How to overcome this: Timing with these situations is really important, so it is key that you have a clear strategy of who you are going to tell and when you tell them, so that there are no nasty surprises to clients and staff when it comes to the sale. We have a ‘free to download’ eBook on this topic called “How to not lose clients during an acquisition” which contains lots of useful information suitable for prospective buyers and sellers.

  1. Alignment

Challenge: Alignment of investments, service proposition and ongoing charges is another key point for those looking to sell or buy IFA businesses, Gary Venner Managing Director of IFA Acquisitions said on this topic “We would look at the centralised investment proposition and servicing processes involved with the purchaser and particularly any time frame in terms of alignment with the sellers own model.

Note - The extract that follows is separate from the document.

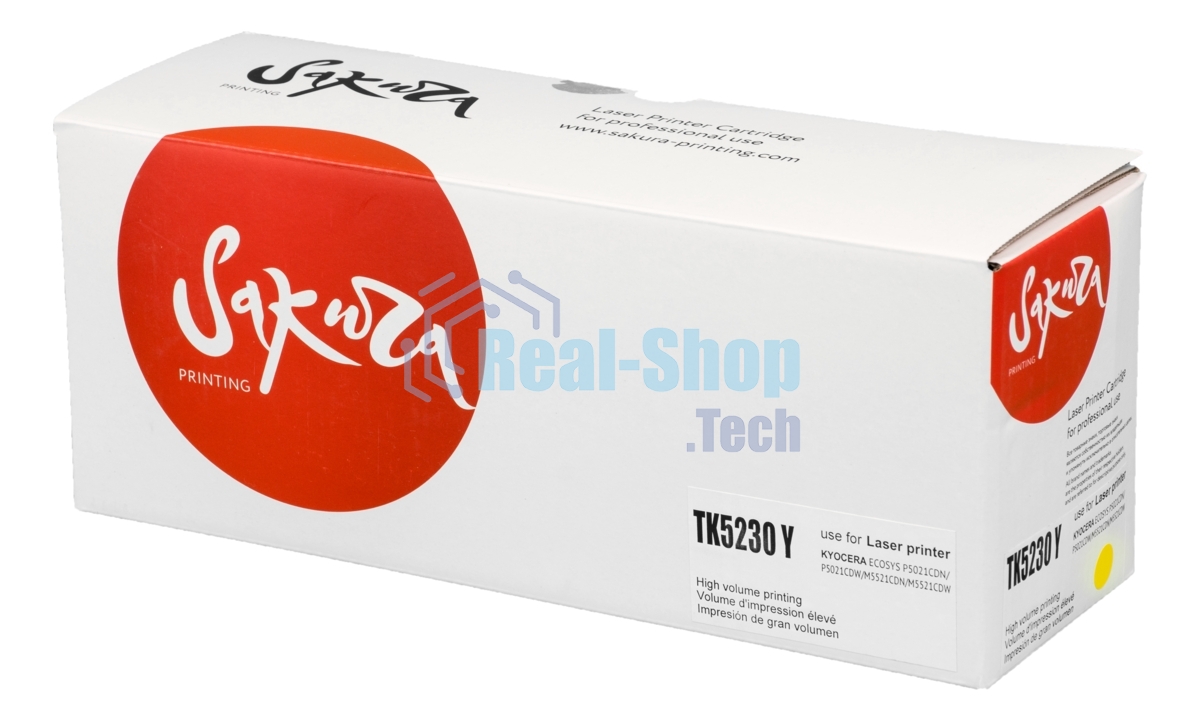 Картридж Sakura TK5230Y для Kyocera Mita ECOSYS p5021cdn/p5021cdw/p5221cdn/p5521cdw, желтый, 2 200 к.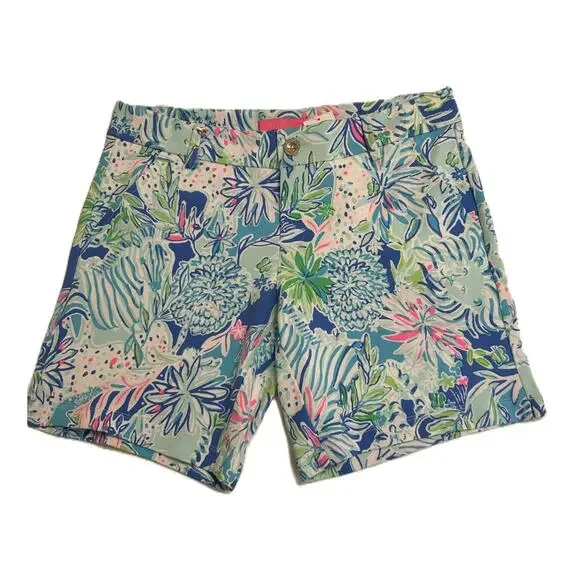 NWT Lilly Pulitzer Coastal Blue Lion Around Stretch Knit Shorts w/ Pockets Sz 4 - Picture 1 of 15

So, if there are going to be sudden changes, before building strong relationships with acquired clients there’s going to be less attraction by vendors to want to agree a deal with these acquirers”

Having cultural alignment and compatible targets around various timelines, integration and investment mandates between acquirers and sellers is key. Success rate is far greater when there is in aligned culture in terms of company ethos, staff, and types of client demographic.  Being clear from the beginning by fleshing out the expectations is paramount for a successful deal and these areas should be covered in the high-level detail as set out in the heads of terms. Getting this set out should avoid surprises when the actual sale and purchase agreement is drawn up and prevent bigger problems in the latter stages of an acquisition.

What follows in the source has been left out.